A verbatim reproduction of the following listing is required; omit the pictures.

[DATA TO USE]
┄┄┄┄┄┄┄┄┄┄

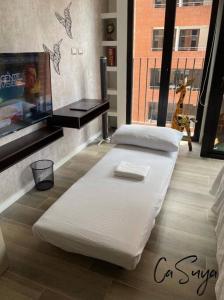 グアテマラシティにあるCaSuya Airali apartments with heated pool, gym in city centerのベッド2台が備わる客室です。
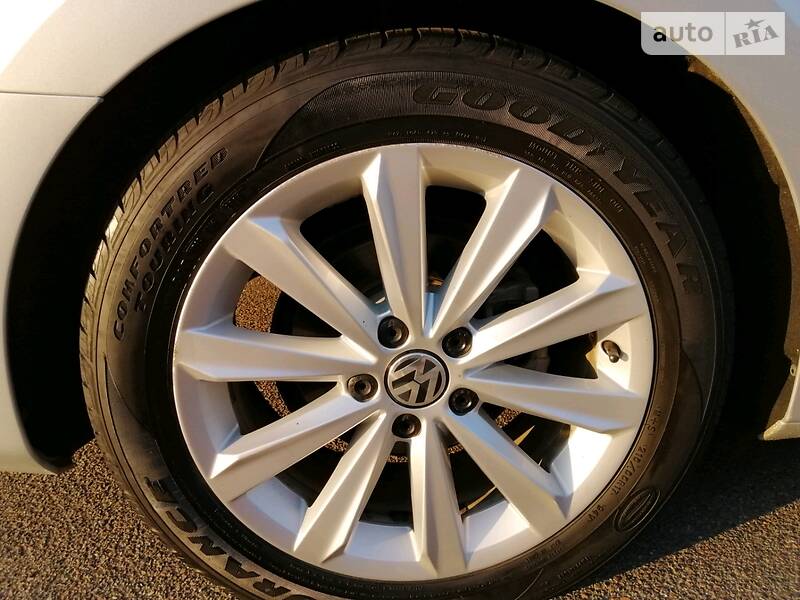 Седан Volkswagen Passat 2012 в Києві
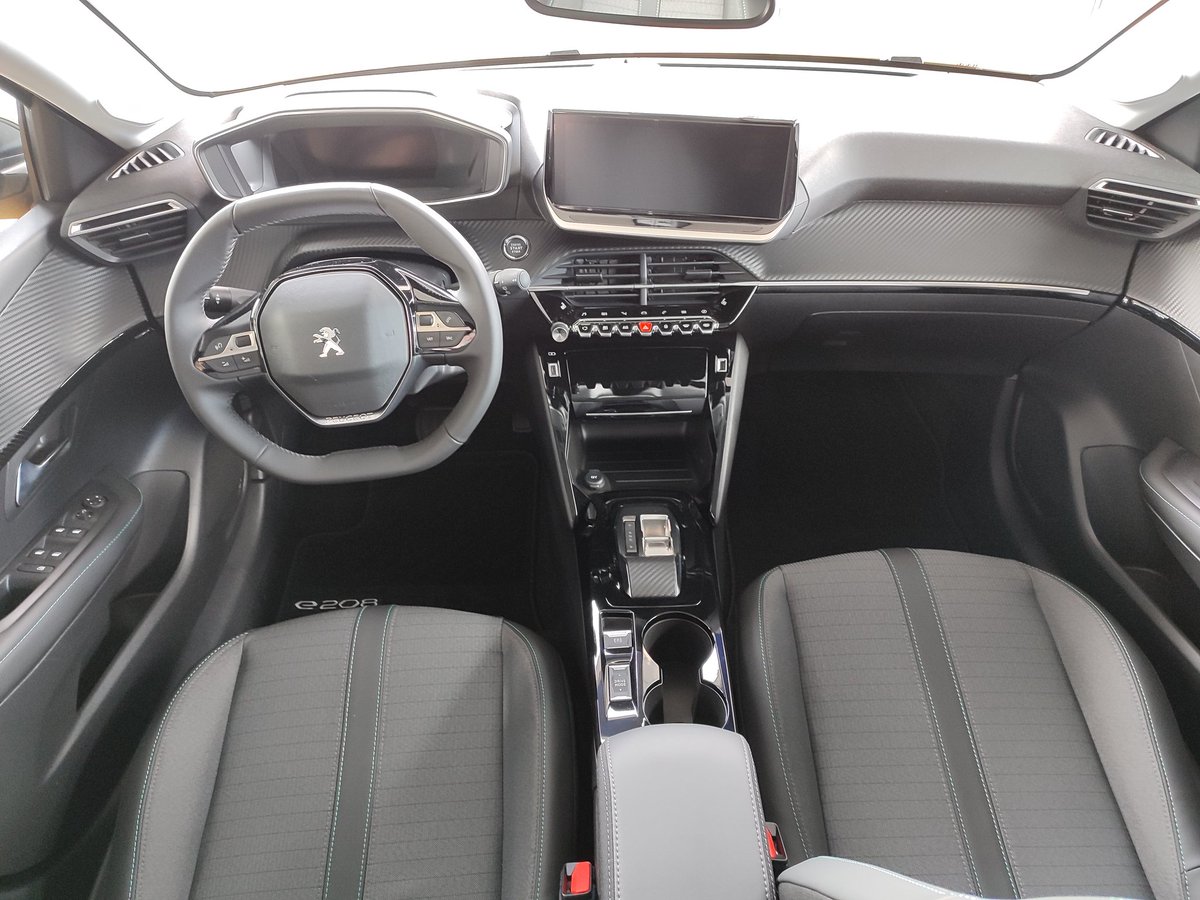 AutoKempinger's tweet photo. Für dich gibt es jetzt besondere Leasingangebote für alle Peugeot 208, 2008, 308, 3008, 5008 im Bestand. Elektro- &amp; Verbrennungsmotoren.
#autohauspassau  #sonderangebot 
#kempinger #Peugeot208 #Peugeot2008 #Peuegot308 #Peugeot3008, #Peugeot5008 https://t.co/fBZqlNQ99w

┄┄┄┄┄┄┄┄┄┄

[ANSWER TO THE PROBLEM]
 グアテマラシティにあるCaSuya Airali apartments with heated pool, gym in city centerのベッド2台が備わる客室です。
 Седан Volkswagen Passat 2012 в Києві
 AutoKempinger's tweet photo. Für dich gibt es jetzt besondere Leasingangebote für alle Peugeot 208, 2008, 308, 3008, 5008 im Bestand. Elektro- &amp; Verbrennungsmotoren.
#autohauspassau  #sonderangebot 
#kempinger #Peugeot208 #Peugeot2008 #Peuegot308 #Peugeot3008, #Peugeot5008 https://t.co/fBZqlNQ99w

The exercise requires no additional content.